Given entries →
----
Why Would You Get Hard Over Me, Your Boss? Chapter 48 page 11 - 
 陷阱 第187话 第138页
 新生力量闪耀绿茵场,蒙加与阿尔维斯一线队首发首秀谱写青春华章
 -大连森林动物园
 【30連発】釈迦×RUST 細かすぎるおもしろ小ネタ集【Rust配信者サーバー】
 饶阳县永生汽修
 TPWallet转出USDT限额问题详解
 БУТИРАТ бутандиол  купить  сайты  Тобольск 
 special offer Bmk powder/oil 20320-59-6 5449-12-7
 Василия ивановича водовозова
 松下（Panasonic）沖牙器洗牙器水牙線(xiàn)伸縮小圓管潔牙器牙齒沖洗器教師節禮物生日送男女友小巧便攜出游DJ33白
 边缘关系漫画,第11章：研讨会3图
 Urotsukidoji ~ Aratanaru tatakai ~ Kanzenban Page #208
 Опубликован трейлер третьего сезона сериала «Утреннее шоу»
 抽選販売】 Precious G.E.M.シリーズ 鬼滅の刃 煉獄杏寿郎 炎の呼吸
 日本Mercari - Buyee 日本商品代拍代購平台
----
Exercise brief →
Exactly the lines running from the top of the records to the line that contains "抽選販売】 Precious G.E.M.シリーズ 鬼滅の刃 煉獄杏寿郎 炎の呼吸", inclusive, must be set down, and nothing more.

Output for this task →
Why Would You Get Hard Over Me, Your Boss? Chapter 48 page 11 - 
 陷阱 第187话 第138页
 新生力量闪耀绿茵场,蒙加与阿尔维斯一线队首发首秀谱写青春华章
 -大连森林动物园
 【30連発】釈迦×RUST 細かすぎるおもしろ小ネタ集【Rust配信者サーバー】
 饶阳县永生汽修
 TPWallet转出USDT限额问题详解
 БУТИРАТ бутандиол  купить  сайты  Тобольск 
 special offer Bmk powder/oil 20320-59-6 5449-12-7
 Василия ивановича водовозова
 松下（Panasonic）沖牙器洗牙器水牙線(xiàn)伸縮小圓管潔牙器牙齒沖洗器教師節禮物生日送男女友小巧便攜出游DJ33白
 边缘关系漫画,第11章：研讨会3图
 Urotsukidoji ~ Aratanaru tatakai ~ Kanzenban Page #208
 Опубликован трейлер третьего сезона сериала «Утреннее шоу»
 抽選販売】 Precious G.E.M.シリーズ 鬼滅の刃 煉獄杏寿郎 炎の呼吸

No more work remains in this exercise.